Meats should be lean and well trimmed. Heavily marbled meats will be tender, but loaded with fat. Buy more fish and poultry. Beware of processed lunch meats – they are often high in fat and sodium. Your best bets are lean sliced poultry and meats, like roast beef and ham. Look for meats that have less than three grams of fat per ounce.
Cooking with less fat and fewer calories is a snap once you learn the art of recipe modification. This simply means making substitutions.
Next are some tips to get your started on modifying some tried-and-true favorites. Try these tips and you may not even miss the original ingredients.
- Use a lettuce leaf, thin tomato slice or mustard on a sandwich and forget the butter, margarine or mayonnaise. If you like a little zip, add some mustard.
- Leave out the oil and margarine many packaged foods recommend in the preparation.
- Try skim milk in food preparation and cooking. There is virtually no taste difference when it is combined with other ingredients.
- Substitute two egg whites for one whole egg in most recipes. The egg white has no fat or cholesterol.
- Reduce the amount of oils and fats called for in most recipes by about one-half, with no change in the final product.
- In muffins and quick breads, substitute non-sweetened applesauce or other mashed fruit in place of up to three-quarters of the oils and fats called for in the recipe.
- Vinegar can add snap to lower-calorie, lower-fat whipped salad dressing.
- A shaker of butter flakes contains the flavor of butter without the fat. Mash them into potatoes or use them on hot, steamy foods, such as pasta, rice or vegetables, to take the place of butter, oils or higher-calorie spreads.
- Reduce the fat per serving in your favorite casserole by adding more vegetables.
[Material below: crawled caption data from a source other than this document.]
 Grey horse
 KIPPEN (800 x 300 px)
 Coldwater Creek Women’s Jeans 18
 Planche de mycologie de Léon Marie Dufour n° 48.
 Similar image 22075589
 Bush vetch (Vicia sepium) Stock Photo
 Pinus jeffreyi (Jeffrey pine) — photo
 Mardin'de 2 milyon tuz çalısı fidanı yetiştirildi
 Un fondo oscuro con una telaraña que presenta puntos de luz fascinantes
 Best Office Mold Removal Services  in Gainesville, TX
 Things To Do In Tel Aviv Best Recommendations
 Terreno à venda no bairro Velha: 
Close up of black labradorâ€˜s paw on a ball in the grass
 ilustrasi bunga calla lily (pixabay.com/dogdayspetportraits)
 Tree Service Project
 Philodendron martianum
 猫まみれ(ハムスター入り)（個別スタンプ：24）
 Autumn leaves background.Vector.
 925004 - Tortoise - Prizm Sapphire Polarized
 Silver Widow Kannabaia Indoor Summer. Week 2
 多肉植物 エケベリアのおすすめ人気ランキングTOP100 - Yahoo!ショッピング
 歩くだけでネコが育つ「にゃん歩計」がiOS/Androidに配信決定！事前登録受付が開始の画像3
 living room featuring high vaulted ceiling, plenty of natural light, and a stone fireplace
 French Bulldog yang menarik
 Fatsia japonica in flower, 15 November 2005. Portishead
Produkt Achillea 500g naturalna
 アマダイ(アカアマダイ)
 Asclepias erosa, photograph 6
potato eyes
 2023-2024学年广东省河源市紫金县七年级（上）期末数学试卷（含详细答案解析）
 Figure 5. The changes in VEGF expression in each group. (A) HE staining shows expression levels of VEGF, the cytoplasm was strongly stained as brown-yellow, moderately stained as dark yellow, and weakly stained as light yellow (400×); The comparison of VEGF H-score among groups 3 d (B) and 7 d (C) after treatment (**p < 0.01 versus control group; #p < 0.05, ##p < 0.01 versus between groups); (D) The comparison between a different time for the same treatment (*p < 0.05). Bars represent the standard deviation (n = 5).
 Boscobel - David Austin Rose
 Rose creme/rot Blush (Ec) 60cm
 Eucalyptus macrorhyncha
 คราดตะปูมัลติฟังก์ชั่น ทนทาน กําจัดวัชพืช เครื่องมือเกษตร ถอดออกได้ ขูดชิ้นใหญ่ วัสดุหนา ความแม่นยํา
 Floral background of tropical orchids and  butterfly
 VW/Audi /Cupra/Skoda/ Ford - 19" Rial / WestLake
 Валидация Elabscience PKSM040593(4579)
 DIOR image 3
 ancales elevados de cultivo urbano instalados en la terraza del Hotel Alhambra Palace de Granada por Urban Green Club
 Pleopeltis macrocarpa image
For example, put more tomatoes and peppers in your chili. More mushrooms and less meat in your spaghetti sauce. More celery and onion, and less mayonnaise in your tuna salad. Replace one of the meat or cheese layers in your lasagna with slices of zucchini squash. Salsa can stretch the calories and fat per serving in cheese dips, guacamole and potato toppings.
- Try buying lower-calorie ingredients. Replace the regular versions of salad dressings used to make pasta salads, spreads and dips with their lower-calorie counterparts. Purchase reduced-calorie soups to make reduced-calorie casseroles and noodle or rice mixtures.
- Always use non-stick pans and baking sheets. Use cooking spray rather than oil or shortening to grease your pans.
Three tips for healthier meal preparation:
- Bake, broil or grill foods on a rack to drain fat away. Try the “indirect heat” method of grilling by placing the food away from the heat source. Every low fat kitchen should have indirect heat grilling available. This results in better flavor and juiciness. It also keeps the meats tender and reduces the risk of forming carcinogens in an overly browned or charred top layer of the meat.
- Stir-Fry. This is a popular cooking method that belongs in every low fat kitchen. Foods cook quickly, preserving precious nutrients. Use cooking spray in a pan or wok. Sprinkle the food with broth, soy sauce or water if it begins to stick.
- Steam vegetables, leaner meats and delicate foods like fish. Steaming is an overlooked cooking method, which deserves some time in the spotlight! Place the food to be steamed with desired seasonings on a rack over boiling water, or use an Oriental steamer (available in many specialty shops). No fat is necessary and the foods will not dry out.